Una de aquellas escenas resultó la donación de órganos que hizo una madre –papel que protagonizaba la actriz argentina Cecilia Roth–, quien donaba los órganos del cuerpo de su hijo adolescente, que había sufrido un accidente, que me parece que ella misma había presenciado, no lo recuerdo con exactitud. Había ocurrido en la calle, una noche bajo una lluvia intensa, a la salida del teatro cuando aquel jovencito fuera atropellado por un coche, cuando se dirigía afanosamente en la búsqueda de un autógrafo de la actriz principal de la obra.

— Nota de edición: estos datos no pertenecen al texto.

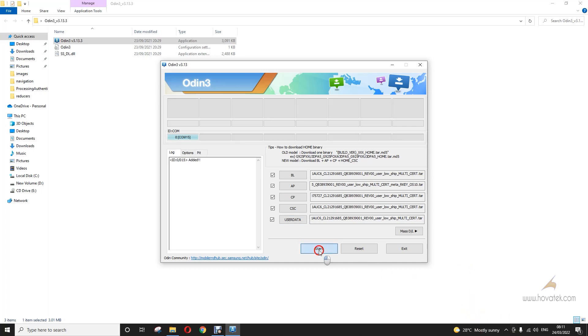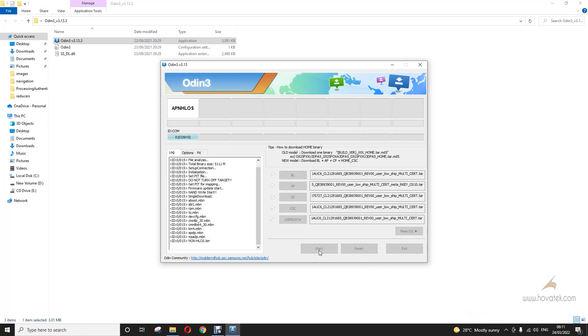Then you click Start. For older Samsung models that only have AP in the firmware, you load only AP and flash that.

Si puede hablarse de categorías de muerte, ya que los otros días me sorprendí escuchando a una escritora que se refirió a una muerte, la producida por veneno, calificándola como de medio tono, esta, en mi concepto, podría decirse que se enmarca en una muerte absurda y atroz.

Y me llegó tanto esa situación, justamente porque Cecilia Roth, en aquel personaje que encarnaba en la película, trabajaba en una institución que como centro único coordinaba y fiscalizaba las actividades de donación, ablación y trasplantes de órganos, tareas que en la Argentina realiza el INCUCAI.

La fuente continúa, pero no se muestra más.